最短路径算法的时间复杂度

Question

所以我编写了一个算法，可以在无向、未加权的图中找到不同最短路径的数量。我相信这是正确的，我无法弄清楚运行时间是多少。非常感谢所有帮助！

shortestPaths(undirected graph G, startNode v, endNode end)
    initialize  all levels of nodes to -1
    count = 1;
    initialize queue Q = {v}
    level(v) = 0

    while Q is not empty
        curr = pop(Q)

        if( curr == end)
            w = pop(Q)
            while(level(w)==level(curr))
                if(w == end)
                    count++
                w=pop(Q)
            return count

        for all neighbors (nxt) of node curr do 
            if( level(nxt) == -1 )
                level(nxt) = level(curr) + 1
                Push(Q, nxt)
            else if( level(nxt) == level(curr) + 1 )
                Push(Q, nxt)
            else if( level(nxt) > level(curr) + 1)
                Level(nxt) = Level(curr) + 1
    return count        

Answer 1

算法的运行时间是指数级的。
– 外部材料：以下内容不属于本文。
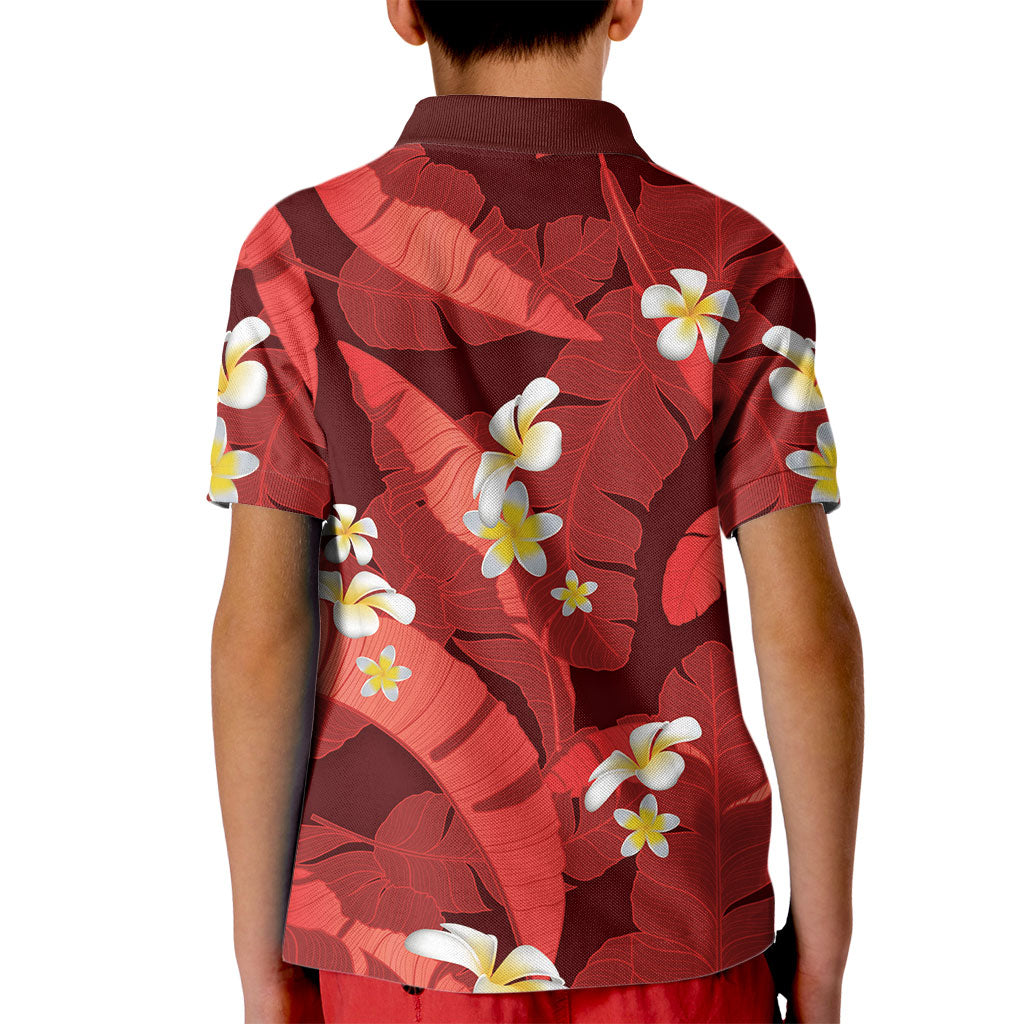 Red Banana Leaf Hawaii Kid Polo Shirt Lau Maia Plumeria Tropical Summer Vibes LT14 - Polynesian Pride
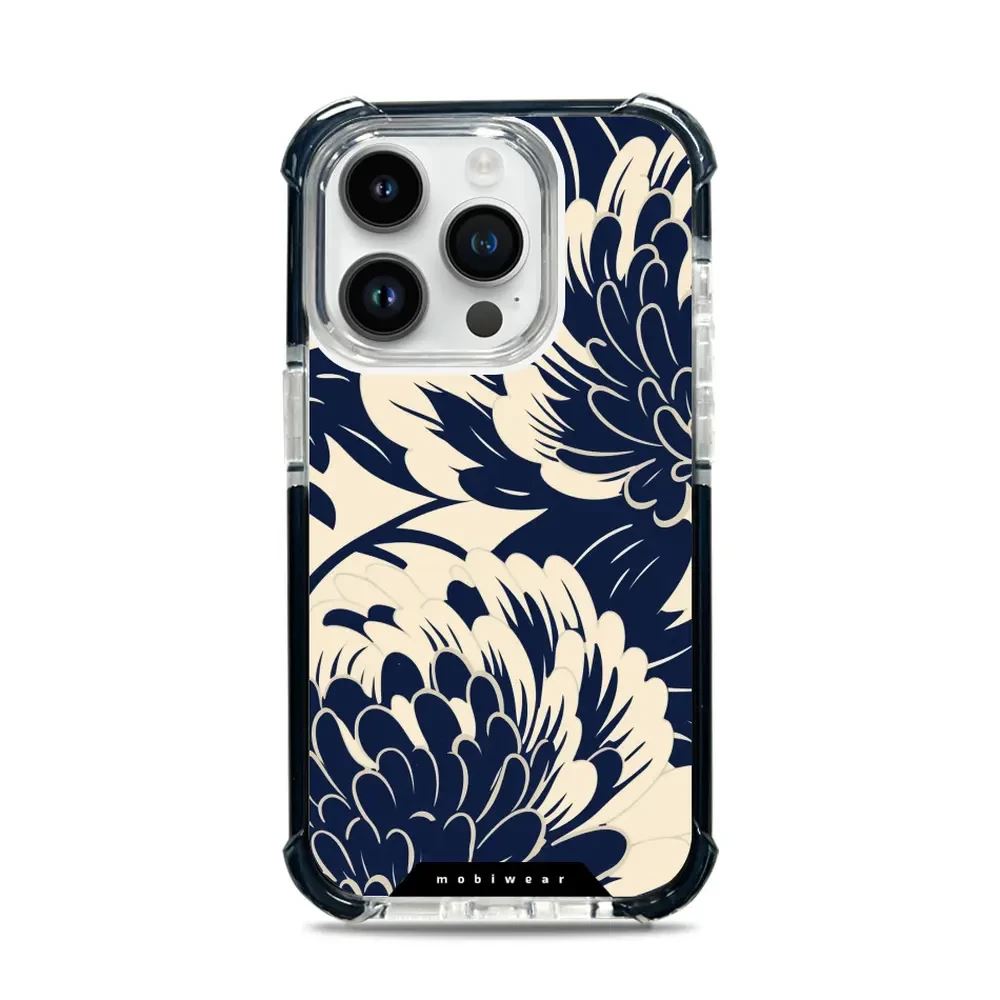 Odolný obal Mobiwear MagSafe Elite Bumper - Apple iPhone 14 Pro - DA40D Modré a béžové květy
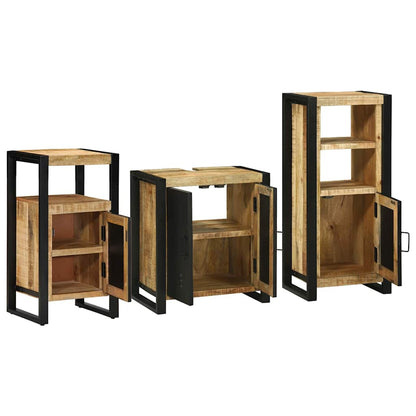 Badezimmermöbel Set mit Regal 3 pcs Braun Massivholz Mango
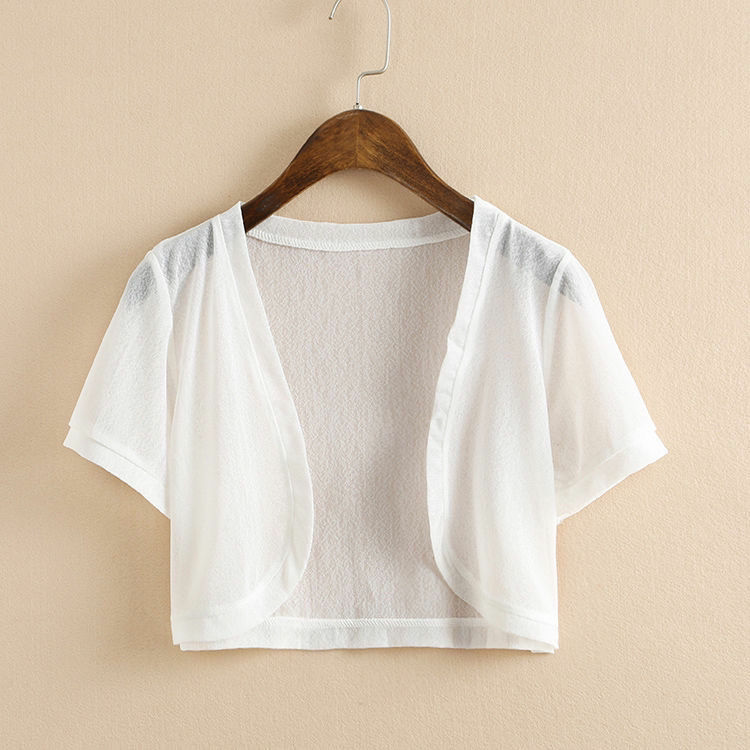 品牌正品女装衣服断码特价清仓 不接受退换-短袖雪纺开衫女薄款披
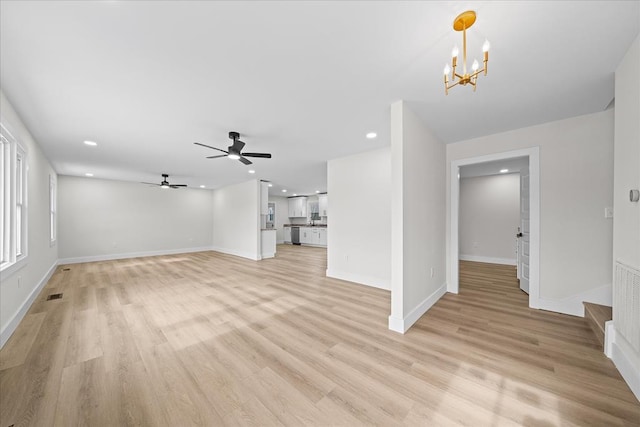 unfurnished living room with recessed lighting, visible vents, and light wood-style flooring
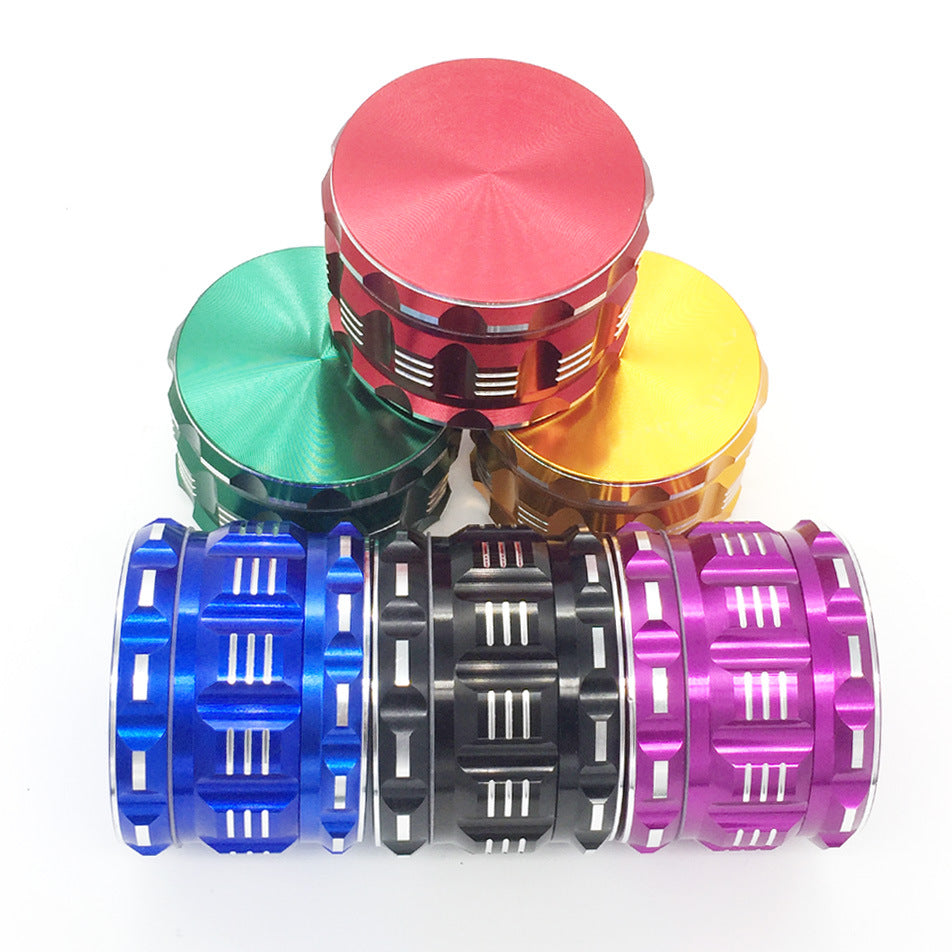 New Metal Sound Pattern Polygonal Aluminum Alloy 4-layer Smoke Grinder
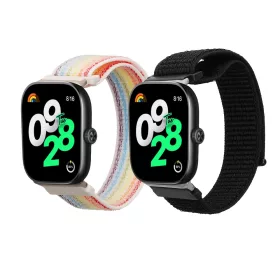   Set 2 Curele Kwmobile pentru Xiaomi Redmi Watch 4 / Band 8 Pro, Negru/Multicolor, Nylon, KWM000025BE001C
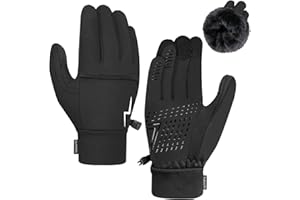 YukiniYa Waterproof Kids Winter Gloves for 3-15 Years Boys Girls Warm Anti-slip Touchscreen Snow Ski Cycling with Long Fleece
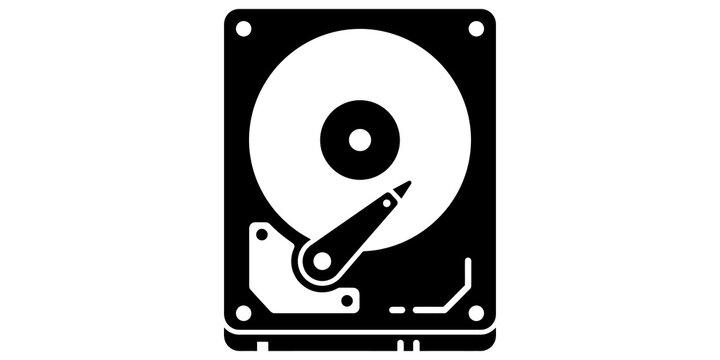Black icon of internal computer hard drive disk for technology or data storage.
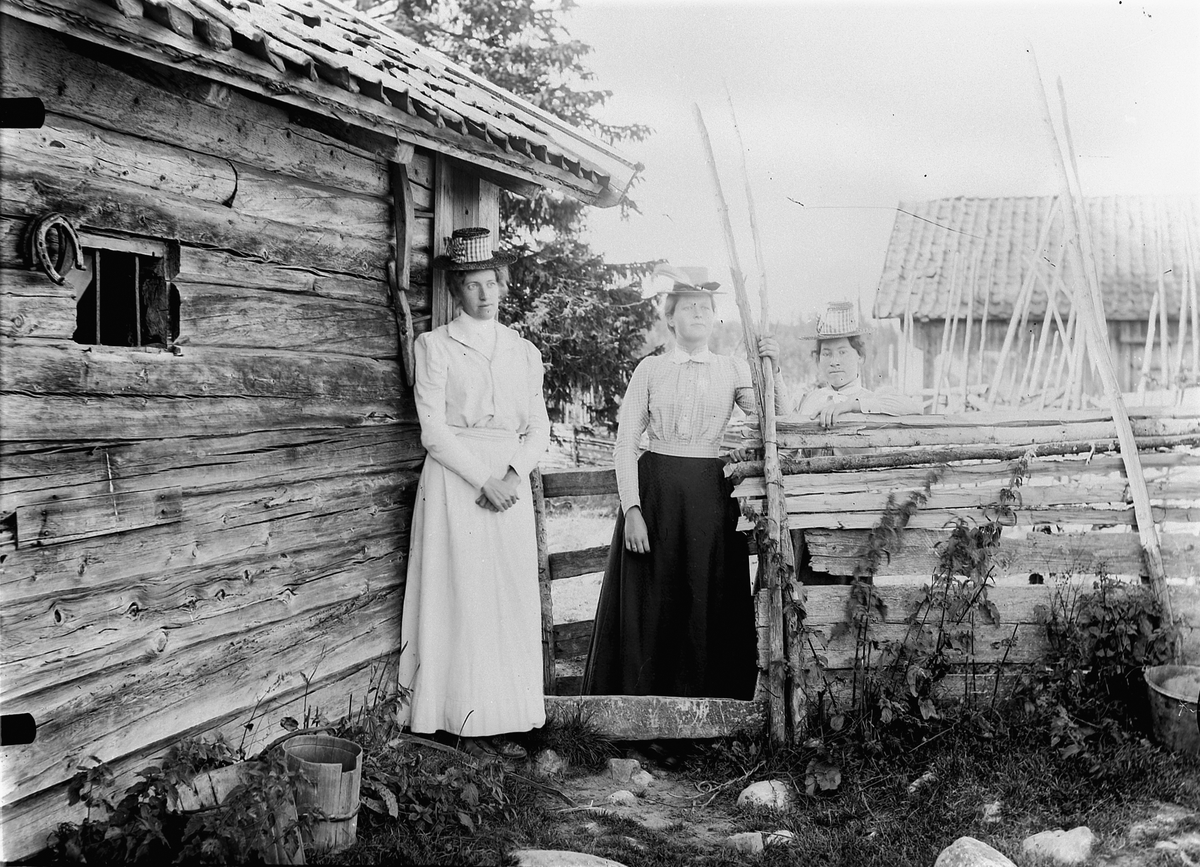 Mina Skraastad, Tre kvinner med hatter ved ei hytte med skigard.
您可以通过不将一个顶点多次推入堆中来避免这种情况，而是将一个计数器与每个顶点相关联，并在每个指向该顶点的新路径中递增它。

试试这样的：

initialize  all counts of nodes to 0                     // added
counts(v) = 1                                            // added
...
while Q is not empty
    curr = pop(Q)

    if( curr == end)
        return counts(curr)

    for all neighbors (nxt) of node curr do 
        if( level(nxt) == -1 )
            level(nxt) = level(curr) + 1
            counts(nxt) = counts(curr)                   // added
            Push(Q, nxt)
        else if( level(nxt) == level(curr) + 1 )
            counts(nxt) += counts(curr)                  // added & removed
return 0

这与BFS - O(|E|+|V|) 具有相同的复杂性。